DOE Announces Intent to Release $13 Million to Support Community Geothermal Projects
Expected Funding Opportunity Will Facilitate Community-Scale Geothermal Heating and Cooling Systems that Can Cut Emissions, Reduce Energy Burden, Boost Resilience
Heating and cooling represent significant energy needs for American homes and businesses—for instance, more than half of U.S. home energy use is for heating—and contribute to greenhouse gas emissions through the direct use of fossil fuels and electricity use. To help reduce energy burden—the percentage of gross household income spent on energy costs—and fossil fuel dependence for American communities, the U.S. Department of Energy (DOE) intends to issue the Community Geothermal Heating and Cooling Design and Deployment Funding Opportunity Announcement (FOA).
Geothermal district heating and cooling systems use geothermal energy to provide climate control to buildings, including residences and businesses, through an underground distribution network. Such systems are relatively common outside the United States, but have a comparably small presence domestically. The intended FOA will support community coalitions with community, workforce, design/analysis, and deployment expertise to implement such systems.

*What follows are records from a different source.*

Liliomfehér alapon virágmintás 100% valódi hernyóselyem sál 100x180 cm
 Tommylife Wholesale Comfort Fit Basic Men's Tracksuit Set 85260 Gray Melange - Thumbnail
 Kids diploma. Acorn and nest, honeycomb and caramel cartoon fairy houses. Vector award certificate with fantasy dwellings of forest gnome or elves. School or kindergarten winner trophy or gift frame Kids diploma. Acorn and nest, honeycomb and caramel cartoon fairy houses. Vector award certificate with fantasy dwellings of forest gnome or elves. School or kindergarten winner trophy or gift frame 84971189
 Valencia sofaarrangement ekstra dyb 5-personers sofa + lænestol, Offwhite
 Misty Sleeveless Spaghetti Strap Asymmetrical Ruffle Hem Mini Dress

“By enabling communities to design and deploy community-scale geothermal heating and cooling systems, we can expand equitable energy access and foster greater local participation in the energy transition,” said Principal Deputy Assistant Secretary for Energy Efficiency and Renewable Energy Kelly Speakes-Backman. “Wider adoption of these systems can go a long way in decarbonizing the building and electricity sectors and support the Biden Administration’s goal of reaching net-zero emissions by 2050.”